(Beginning of Provided records)

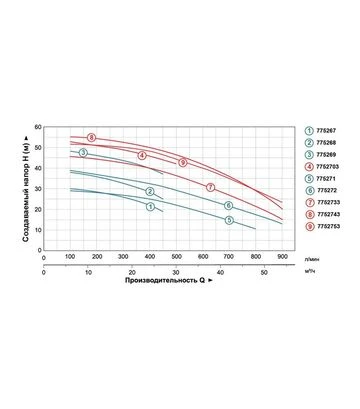 Насос центробежный LEO 3.0 AC300C2, 400 В, 3 кВт, 30 м, 800 л/мин, для чистой воды (7752713) - фото 3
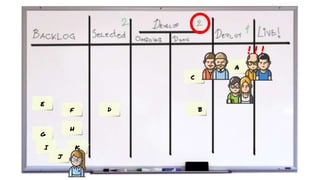 E
F
G
H
A
D B
I K
J
! ! !
C
 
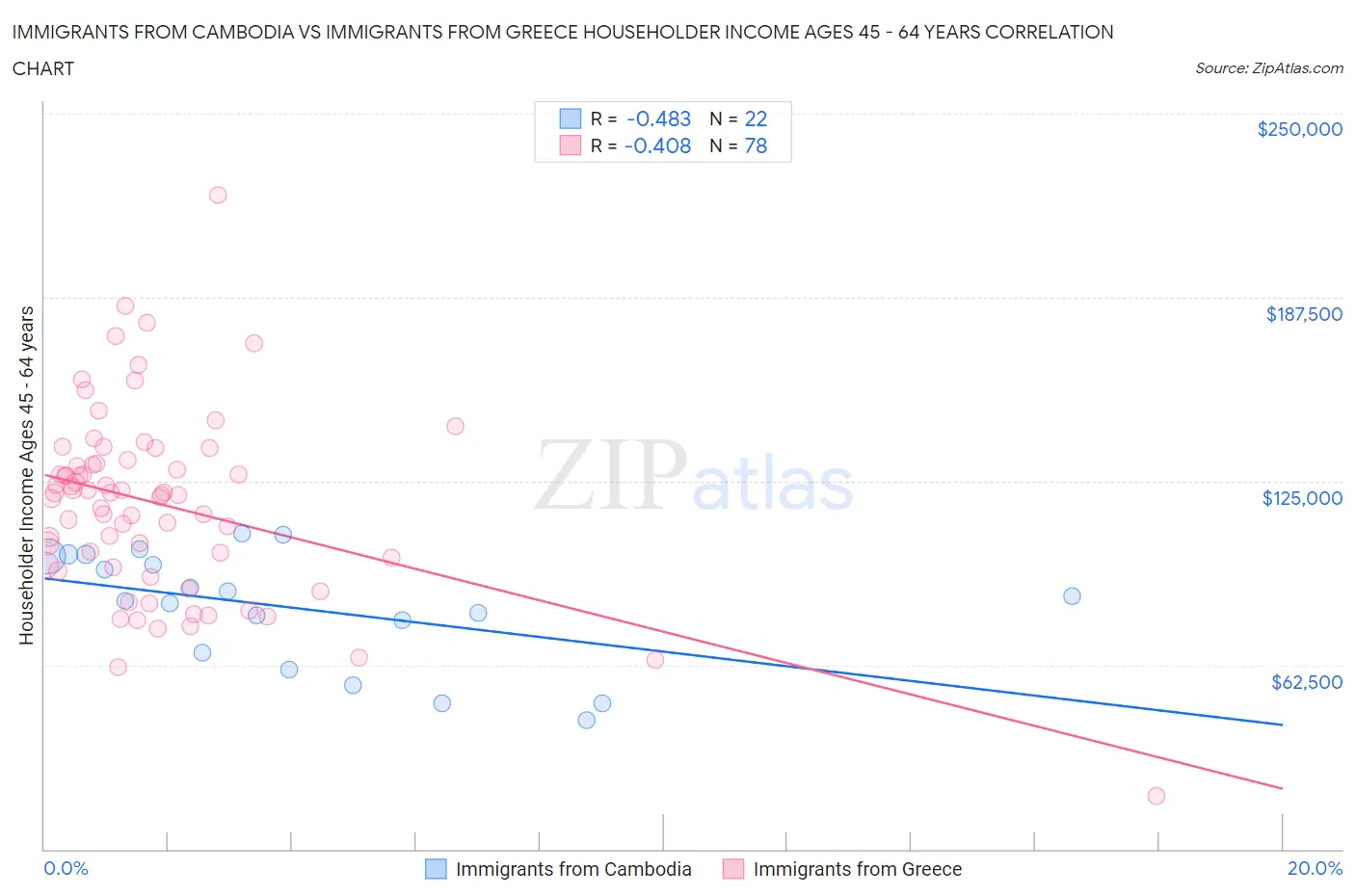 Immigrants from Cambodia vs Immigrants from Greece Householder Income Ages 45 - 64 years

(End of Provided records)

* What you need to do
Reproduce each entry precisely. Leave the pictures out.

* Expected output
 Насос центробежный LEO 3.0 AC300C2, 400 В, 3 кВт, 30 м, 800 л/мин, для чистой воды (7752713) - фото 3
 E
F
G
H
A
D B
I K
J
! ! !
C
 
 Immigrants from Cambodia vs Immigrants from Greece Householder Income Ages 45 - 64 years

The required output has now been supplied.